Every fortnight we cover the best and worst football songs from every club in the UK from our book ‘The Sound Of Football: Every Club, Every Song’. You can buy it here
Barnet
Nickname: The Hillmen
Ground: The Hive
Stadium Capacity: 6,500
Song: The Celery Song
A trawl through Barnet’s classic chants unearths another version of the famous football chant known as the ‘Celery Song.’ The song is derived from a nineteenth-century music hall song, ‘Ask Old Brown.’ The lyrics were:
“Ask old brown for tea
and all the family
if he don’t come
we’ll tickle his bum
with a lump of celery.”
(Source: unknown)
‘Ask Old Brown’ became a football song after Chas Hodges (one half of Chas & Dave) recorded it in 1981. Micky Greenaway, a famous Chelsea fan (see Chelsea for more on Greenaway), is said to have picked up the cassette version during a Chelsea tour of Sweden in 1981. He played it over and over and the song transferred to the terraces, and at Barnet became:
“My old mans a dustman, he wears a fireman’s hat,
He’s killed ten thousand Germans, so what you think of that?

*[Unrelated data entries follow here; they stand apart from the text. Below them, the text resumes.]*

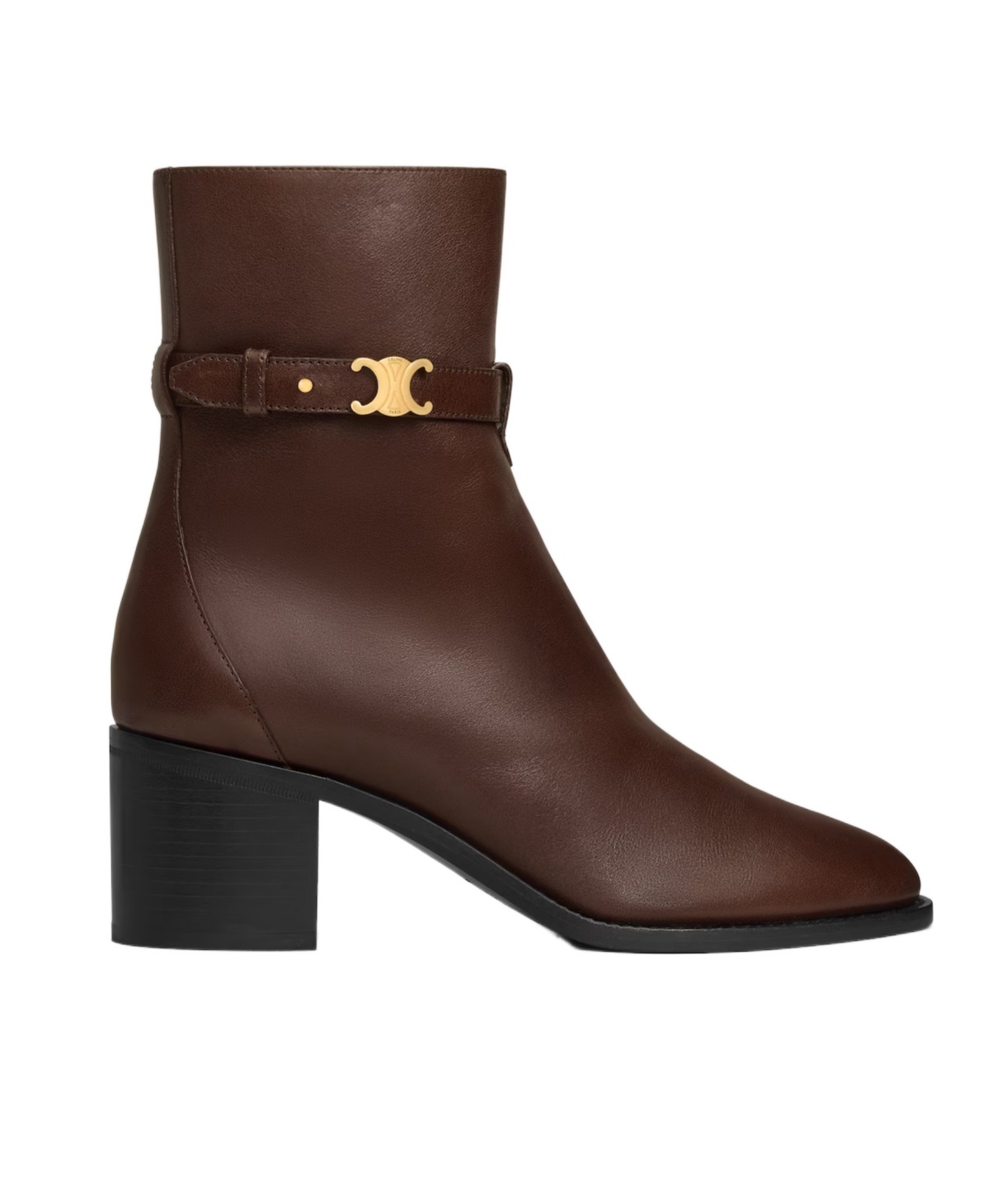 Celine Garance Triomphe Strap Boot In Calfskin In Brown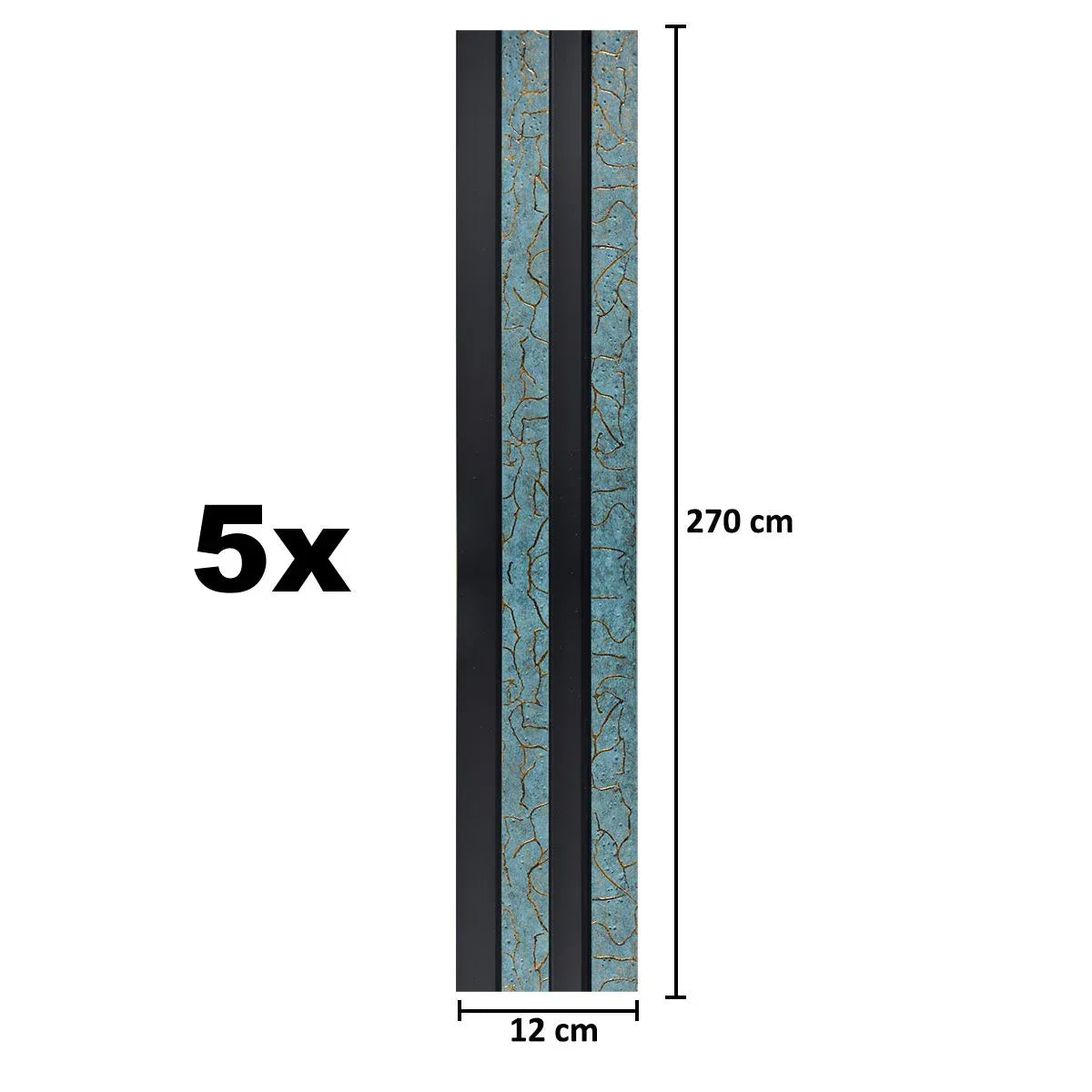 Set 5 panouri decorative, riflaj, polimer rigid, Naimeed D5476, 270x12x2cm, Turcoaz - 221.ro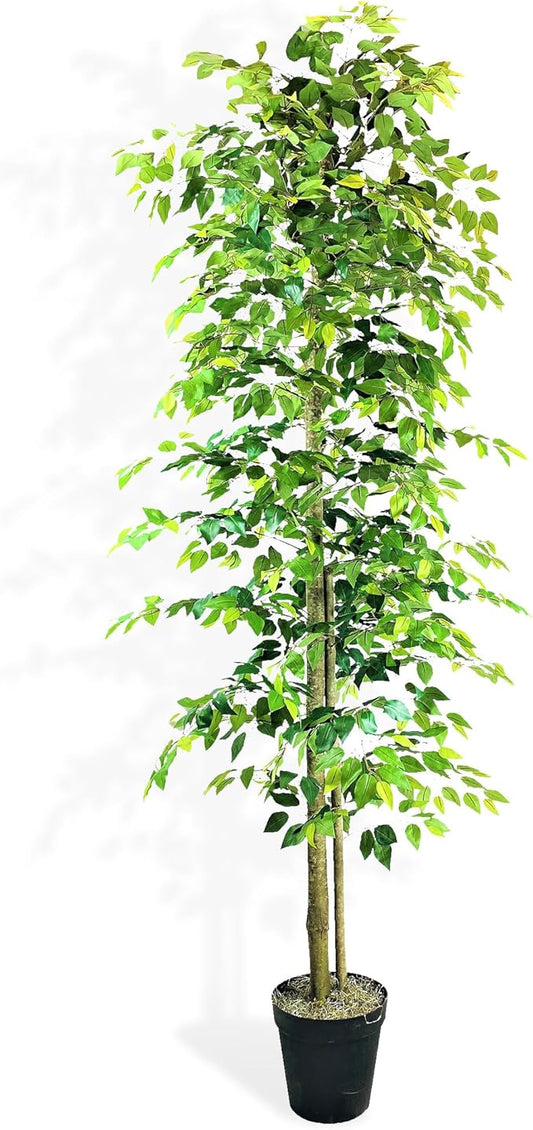 Artificial Ficus Tree in Black Plastic Pot - Real Wood Trunk, Preassembled, No Maintenance Indoor Faux Plant - Living Room, Home & Office Decor (10ft Tall)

One way here, one way there, one way round the corner,
Poor old soul, with a bullet up his hole is crying out for water.
Water water water, water came at last
I don’t want your water, so stick it up you’re a***
Come for tea, with all your family,
If your s*** don’t come, tickle up your bum, with a stick of celery.
Celery, Celery, if your s*** don’t come, tickle up your bum, with a stick of celery“
(Source: fan chant)
But while their chant is not unique and versions of the Celery Song can be heard in stadiums across the country, they have a special song as their entrance song: Guns & Roses’ ‘Sweet Child O’ Mine’ – the only club in the UK to use it. Guns & Roses is an apt choice – Barnet itself is the site of one of the biggest battles in the War of the Roses.